Oleh M FADJROEL RACHMAN



Kinerja KPU yang tak profesional dan berubahnya sistem pendaftaran
calon pemilih menghasilkan daftar pemilih tetap busuk ”yang
mencurigakan”. Akibatnya, Pemilu 2009 mengalami cacat kepercayaan. DPT
mengalami penggelembungan dan penggembosan sekaligus.

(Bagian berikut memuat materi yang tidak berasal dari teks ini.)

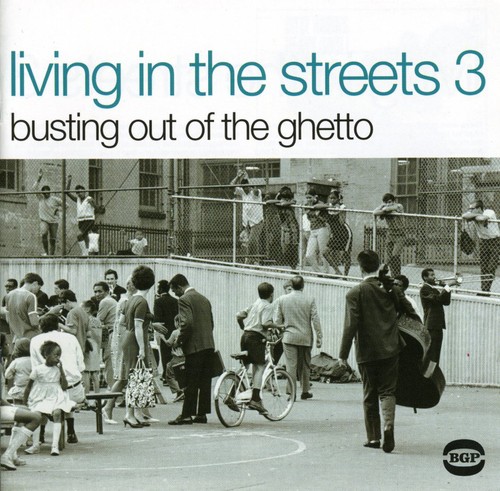 Living in the Streets 3: Busting Out of the Ghetto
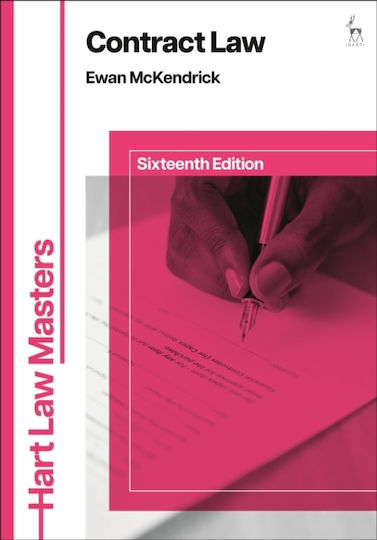 Contract Law - Bloomsbury Publishing Plc - Paperback / Softback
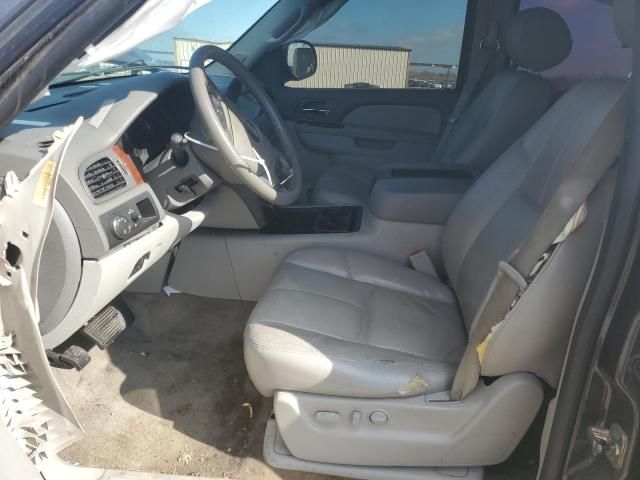 2011 Chevrolet Tahoe C1500 LT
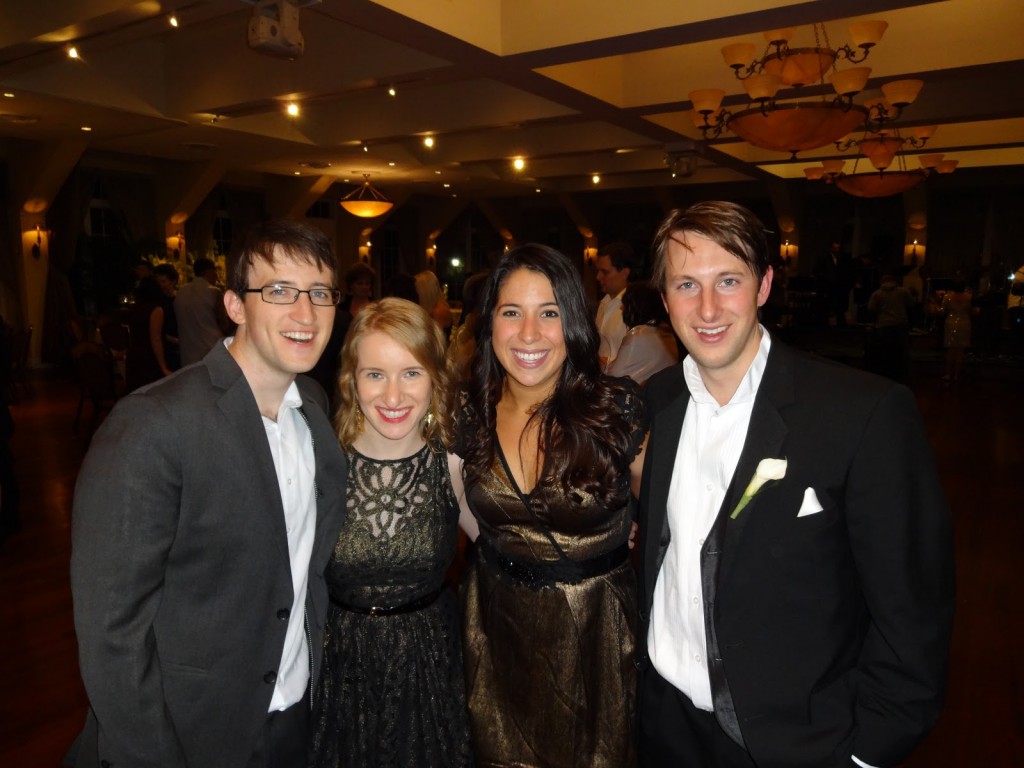 Sean, Ruth, Callie, Ryan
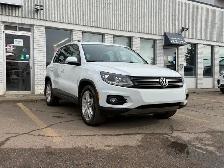 2015 Volkswagen Tiguan| Clean Carfax | All Wheel Drive | Low KMs - Photo 3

Menggelembung karena penggandaan dan menggembos karena jutaan pemilih
tak terdaftar. Akibatnya, golput pun membengkak, baik karena yang
sengaja enggan memilih maupun karena terpaksa tidak bisa mencontreng.
Tidak mustahil angka golput untuk Pemilu Legislatif 2009 dapat
mencapai lebih dari 30 persen.



Artinya, golput mengalahkan Partai Demokrat, Partai Golkar, dan PDI-P,
yang berdasarkan hitung cepat Lembaga Survei Indonesia diramalkan
meraih suara nasional masing-masing 20,29 persen, 14,77 persen, dan
14,28 persen. Bila perhitungan nasional memasukkan suara golput,
Partai Demokrat hanya meraih 14 persen dari penduduk berusia 17 tahun
ke atas, Partai Golkar dan PDI-P masing-masing cuma 10-an persen.
Jadi, golput secara de facto memenangi Pemilu Legislatif 2009.



Hak konstitusional



Golongan putih adalah hak konstitusional, hak memilih untuk tidak
memilih, yang dilindungi UUD 1945 Pasal 28E Ayat 2, Setiap orang
berhak atas kebebasan meyakini kepercayaan, menyatakan pikiran dan
sikap, sesuai dengan hati nuraninya. Golput merupakan deklarasi
perlawanan dan perjuangan yang tecermin dari wajah ganda golput, yaitu
konfrontatif dan korektif. Melawan secara konfrontatif terjadi dalam
rezim fasis-militeristik Soeharto-Orde Baru, sedangkan melawan dengan
paduan korektif dan konfrontatif sekarang terjadi dalam ruang
demokrasi yang dikuasai kekuatan politik-ekonomi soehartois-orbais.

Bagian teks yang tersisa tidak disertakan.